Who’s Your Daddy? Understanding New Lawyers’ First Top Clients

For new lawyers entering private practice this Fall, the whole scene can be daunting. In addition to just finding the restrooms in your new firm, there are beastly challenges starting with clearly understanding your primary top clients.

Below are a few ways you can take positive steps to boost your standing early on:

Know Your Top Clients. During the first few years of practice, it is essential that new lawyers recognize that their top clients are the lawyers to whom they directly (and indirectly) report. Essentially all firm lawyers. They will watch and evaluate how well you take on and complete assignments. Impress them.
Develop Positive Habits. Arrive a little early and stay a little late. Demonstrate your commitment and partners will notice. Earn their attention in a positive way by becoming the best lawyer you can be.
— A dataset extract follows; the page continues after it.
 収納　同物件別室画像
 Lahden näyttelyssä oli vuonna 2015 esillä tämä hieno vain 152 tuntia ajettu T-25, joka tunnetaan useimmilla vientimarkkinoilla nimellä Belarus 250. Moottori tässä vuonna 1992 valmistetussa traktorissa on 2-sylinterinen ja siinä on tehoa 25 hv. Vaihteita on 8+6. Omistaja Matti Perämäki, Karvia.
Never Turn Down Work. Not only is delivering a high quality work product required every time, but also the manner in which you handle the project delivery process will be scrutinized. Do you gladly accept projects or complain that you will have to work the weekend? None of this will go un-noticed. Bet on it and respond accordingly.
Get Involved in the Firm. Volunteer for a committee assignment such as the summer associate or hiring committee. Partners will be impressed with the initiative you take to integrate into the firm.
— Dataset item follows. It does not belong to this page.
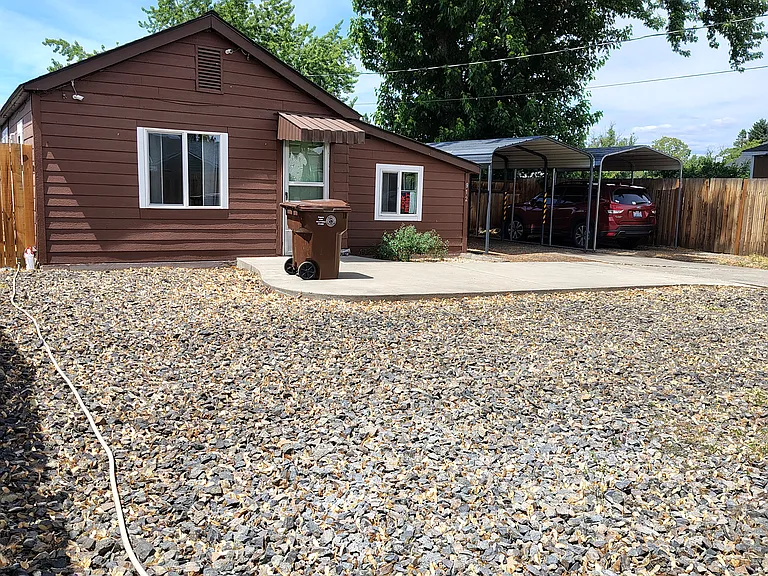 912 Cornell Ave — Photo 1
Practice the Golden Rule. You can make strong allies for life or de-rail your career early on by how kind you are to support staff. They know the ropes and can help you in a pinch, or not. Do not overlook how important support staff is to your success.
Shepherd Marketing Initiatives. Most lawyers struggle with consistency in their marketing initiatives. Find out what your practice group is (or is not) doing and volunteer to shepherd a specific project. Facilitate a new blog or some other direct communication for your group.
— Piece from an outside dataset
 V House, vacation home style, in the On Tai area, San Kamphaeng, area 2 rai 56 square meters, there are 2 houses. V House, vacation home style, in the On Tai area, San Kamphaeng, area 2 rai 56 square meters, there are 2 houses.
You Receive As Much Feedback As You Seek. As you hone your craft, actively seek feedback from everyone with whom you work. Partners and other supervisors will appreciate your enthusiasm and take note.
Pay It Forward. As you progress in your career, don’t forget to help newer attorneys as others helped you.

While there are so many other steps new lawyers can take to embrace their first years of practice, follow the steps above and you will be recognized as being a cut above.